Over the years, demand for evocative ‘society’ portraiture has extended beyond artists such as Gerald Brockhurst and Augustus John to include more obscure names from the Modern British canon. (Indeed, the London gallery Philip Mould announced last month that it will hold a retrospective of the work of Ambrose McEvoy (1877-1927), an “effervescent society portraitist whom art history had all but forgotten”.)

The Royal Academician Maurice Greiffenhagen (1862-1931) is probably better known for idyllic landscapes and travel posters rather than portraits.

His painting An Idyll – a depiction of a shepherd in a passionate embrace with a maid – inspired DH Lawrence’s novel the White Peacock, while his Carlisle, The Gateway to Scotland travel poster was one of the most popular commissioned by LMS Railways.

Nevertheless, a half-length portrait of Miss Sybil Waller, the only daughter of English designer and collector Pickford Waller, sold to a UK buyer for £8000, more than double hopes at Gloucestershire saleroom Chorley’s (20/15/12.5/10% buyer’s premium).

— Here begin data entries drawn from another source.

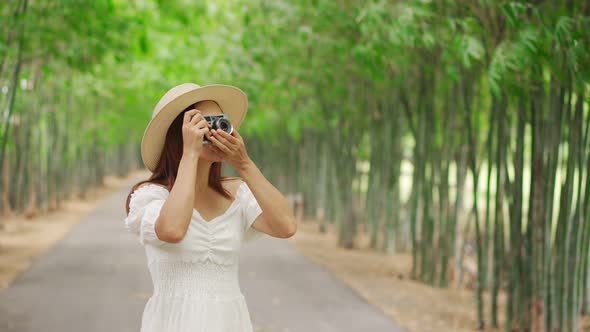 Young happy woman enjoying and taking a photo in the bamboo forest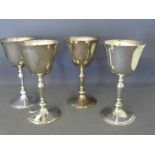 A set of four silver goblets with balust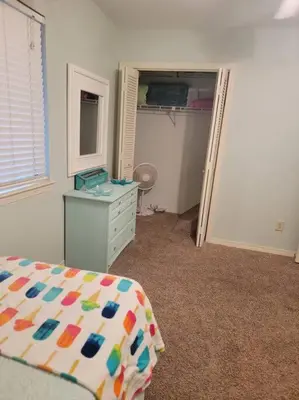 a bedroom with a bed and a dresser and a mirror at 188WSD in Panama City Beach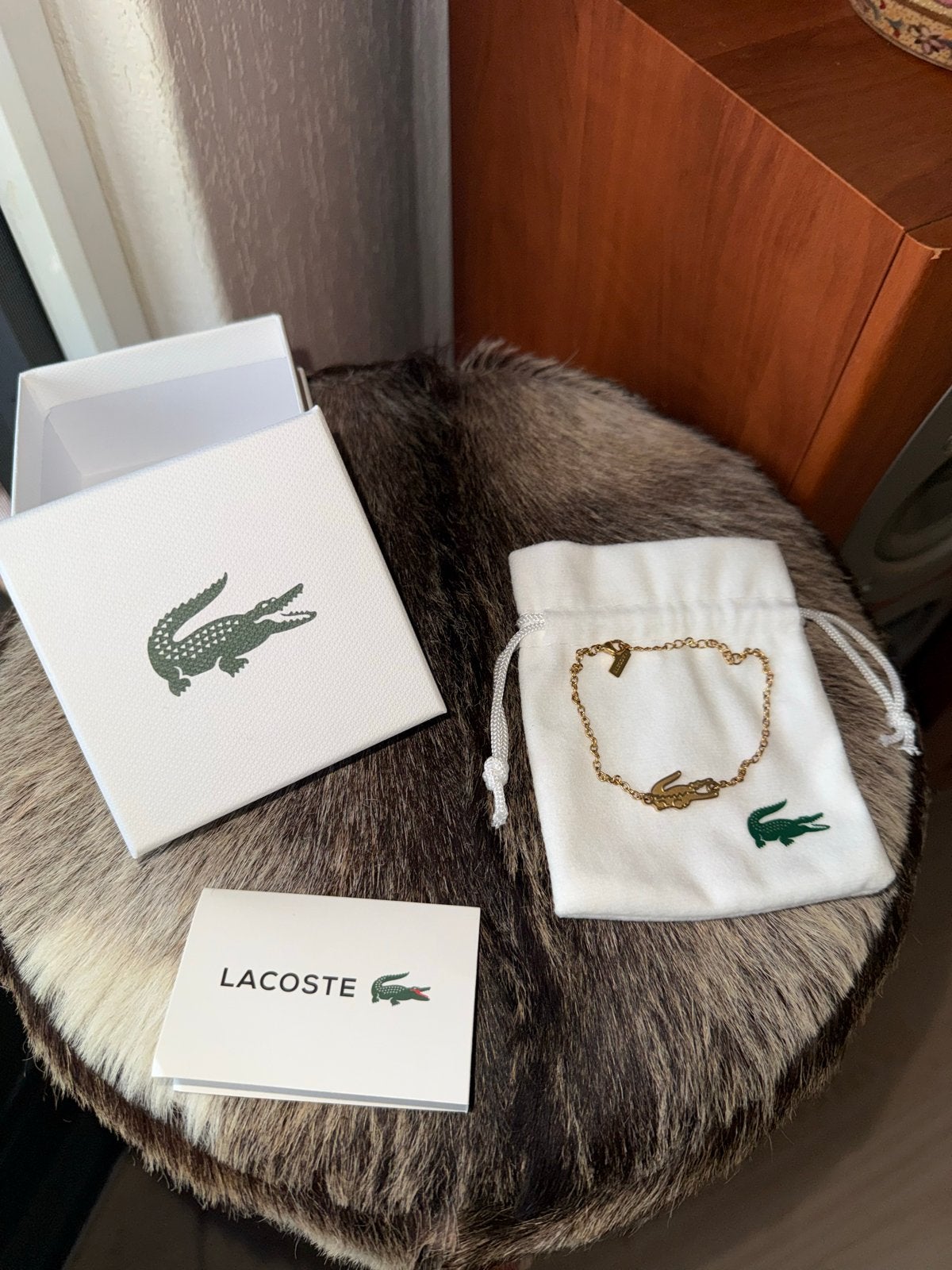 Nieuw Lacoste armbandje goudkleurig met krokodil, Overige materialen, Nieuw, Ophalen of Verzenden, Goud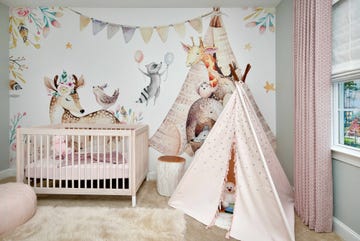 a baby crib with a white canopy and a pink curtain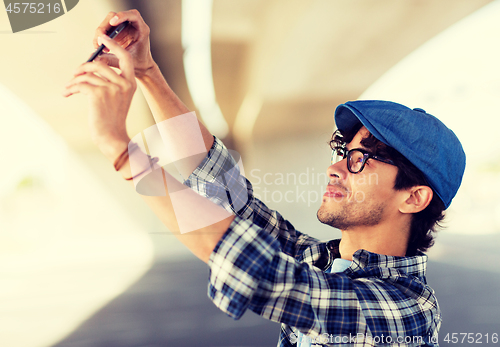 Image of hipster man taking selfie on smartphone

It came from a local private estate in the Cotswolds and bore an old Royal Academy exhibition label for 1933.

Summing up the performance, Thomas Jenner-Fust, director, auctioneer and valuer at Chorley’s, said: “This picture had all the qualities needed to do well in today’s market – an attractive sitter, good condition and a sensible estimate.”

Waller, who inherited her father’s art collection when he died, sat for Greiffenhagen and other artists like the English portraitist Charles Shannon on a number of occasions.

A portrait of the Waller family painted by Greiffenhagen in 1901 and also shown at the same Royal Academy show in 1933 was offered at Sotheby’s in 2017 but failed to find a buyer with an estimate of £10,000-15,000.